ANDERSON, Ind. —
The movie changed her life.
“I remember thinking that’s just so awesome,” Thompson said with a laugh. “I just started talking to him then and I haven’t shut up in 40 plus years."
Today, Thompson shares Scripture and her faith with more than 110,000 listeners each week in Indiana.
According to James Crompton, an analyst and industry expert for IBISWorld, Inc. in New York, the radio broadcasting industry has undergone many changes in the past decade. The Internet along with digital platforms for music sharing are altering how consumers listen to their music.
In 2012, about 29 percent of Americans listened to online radio stations which compares to about 11 percent in 2007, Crompton said. Overall, Crompton said Americans spend about 20 hours a week listening to the radio.
And for broader appeal across the nation, Christian stations have started using podcasts, live streaming and satellite radio to make the format available 24 hours a day.
Fine tuning the format
Ray Hashley is the station manager of 97.9 FM, WGNR, and AM 1470, WGNR, where Thompson’s program originates on the south side of Anderson.
Thompson’s program is aired daily on all of the Indiana stations owned by Moody Radio and they include stations in Anderson, Covington, West Lafayette, Kokomo and Bloomington.
“We have a huge area we cover,” he said.
In December, Moody Radio plans to convert its AM station here to all-Spanish to reach a wider audience. That will give Moody Radio an edge, Crompton said. He said many factors come into play when accessing a potential listening base including an area's employment rate and population.
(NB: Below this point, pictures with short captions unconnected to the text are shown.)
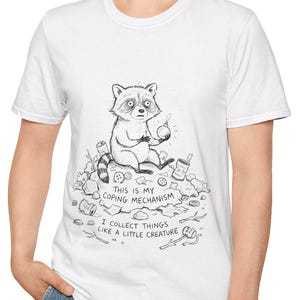 May include: White t-shirt featuring a black and white illustration of a raccoon surrounded by trash. The text "THIS IS MY COPING MECHANISM" and "I COLLECT THINGS LIKE A LITTLE CREATURE" are also printed on the shirt.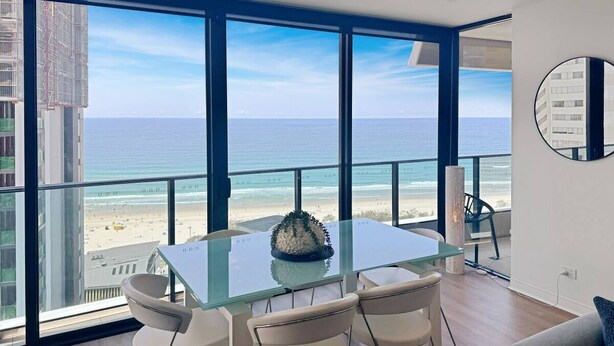 A modern dining area with a glass table and chairs, overlooking a beach and ocean.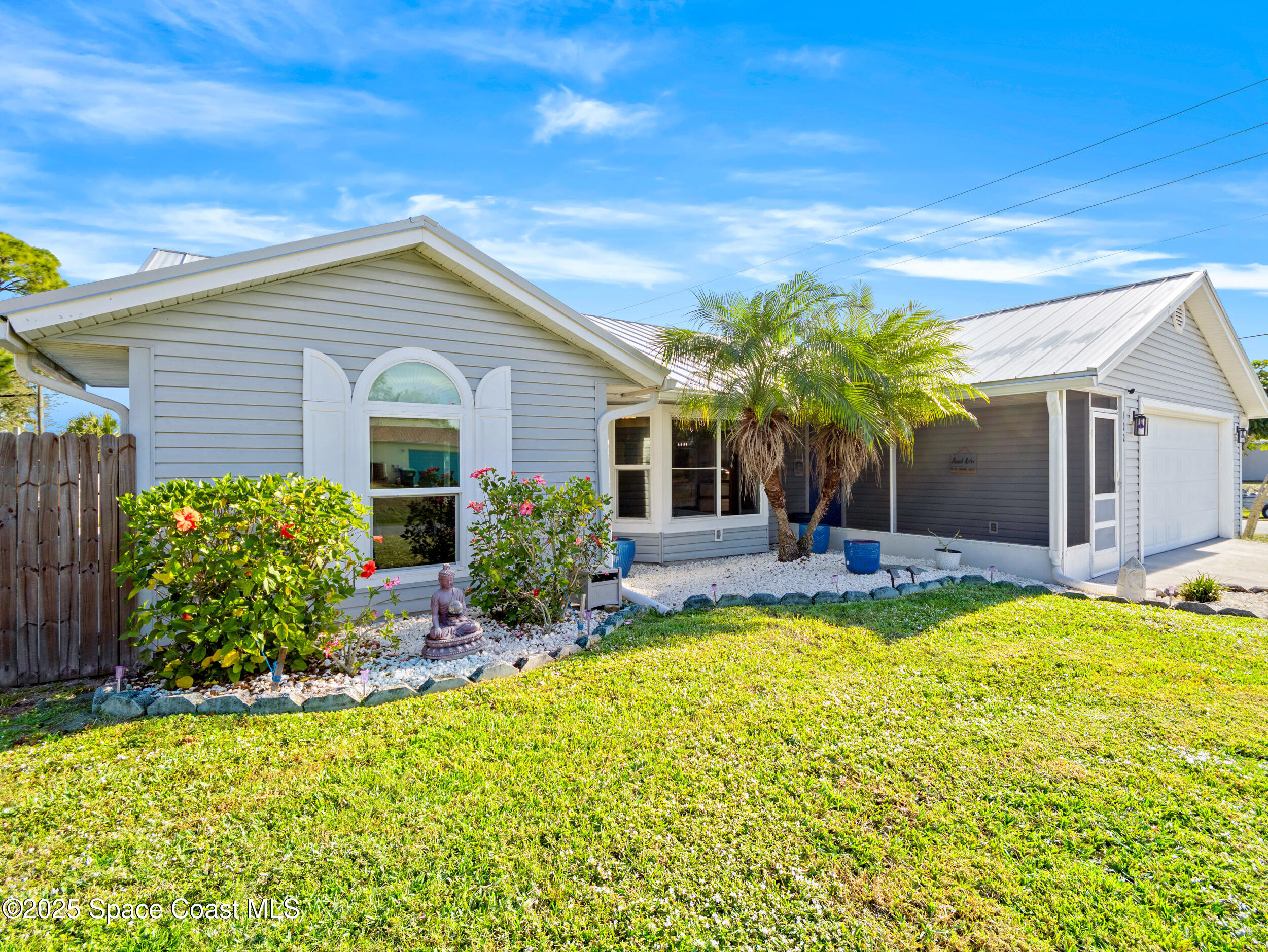 402 Watercrest Street Sebastian, FL 32958 - Photo 9 of 40 a view of a house with swimming pool and sitting area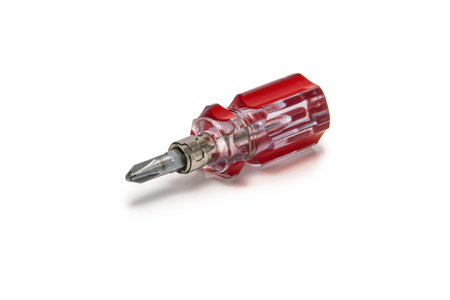 red-handled Phillips screwdriver isolated on white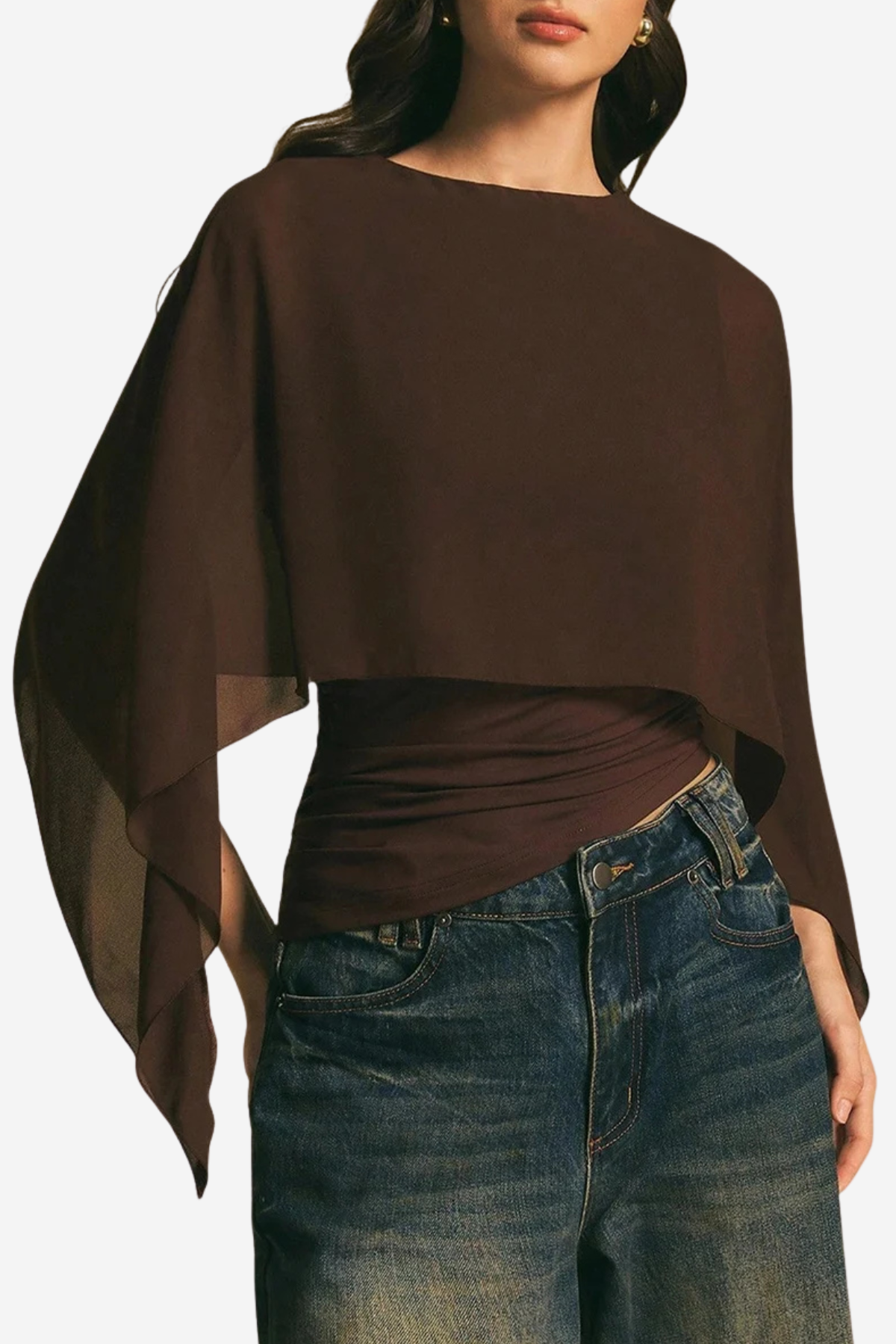 A woman wearing a dark brown draped long-sleeve top with a wide boat neckline and sheer side panels, paired with blue jeans, against a plain light background.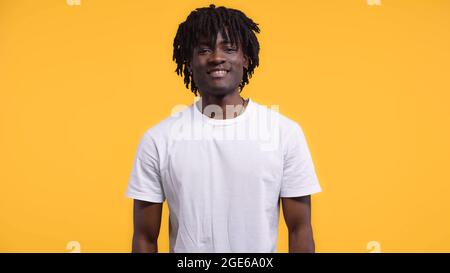 souriant heureux africain américain avec des dreadlocks isolés sur jaune Banque D'Images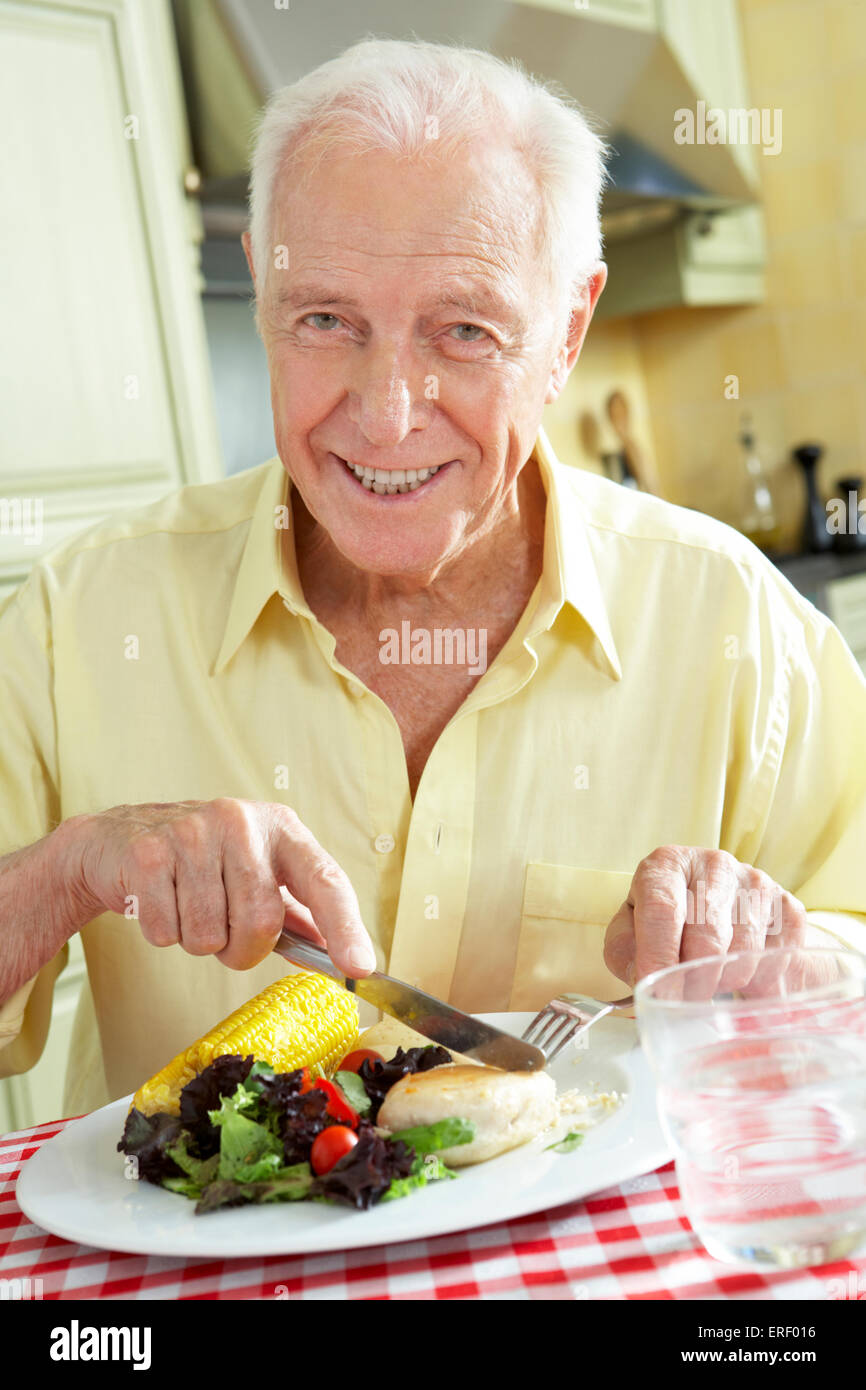 Senior Man Eating Meal In Kitchen Stock Photo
For example, Madison County's population is 3.3 percent Hispanic.
"Periods of higher unemployment typically coincide with people listening to less radio, as they would not be commuting as frequently," Crompton said. "So while I cannot definitively say whether or not your city radio stations are reaching the majority of the local population, I can say it is likely they reach a solid majority of residents."